In another version used in the study, there was no switch; instead, participants had to throw someone off a bridge and in front of the trolley to get it to derail and save others.

This latter case reveals a bit about moral decision-making in industrialized societies. Even when the deaths averted and caused are identical, people in industrialized societies tended to be more hesitant to physically throw someone under the trolley than they were to pull a switch. Researchers have labelled this an aversion to “personal force,” and one of the questions here was whether this same behavior was seen in non-industrialized societies.

As noted above, the researchers had a large population of participants to sort this out, divided into the global East, South, and West. But that turned out to be more of a problem than it might appear.
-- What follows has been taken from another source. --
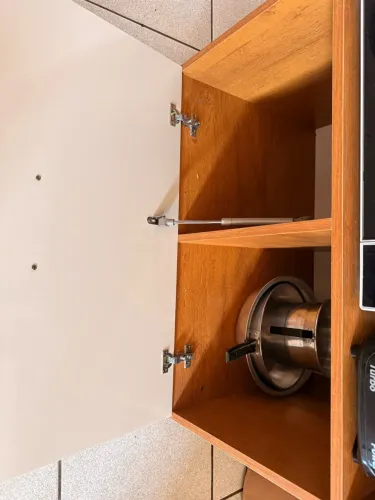 Armário do cooktop e o fogão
The researchers had pre-registered their study plan with a set of criteria that would lead to participants being excluded from the analysis portion of things. These included indications of a loss of attention while people filled in online forms or being aware of the trolley test. Unfortunately, that covered nearly all of their participants—over 80 percent of them. As a result, if they did the analysis according to their original plan, they had very few participants, and most of the results weren’t statistically significant.

In addition, there were some indications that participants found the whole concept of the trolley problem a bit confusing and had trouble understanding the questions. This was more common in non-Western societies.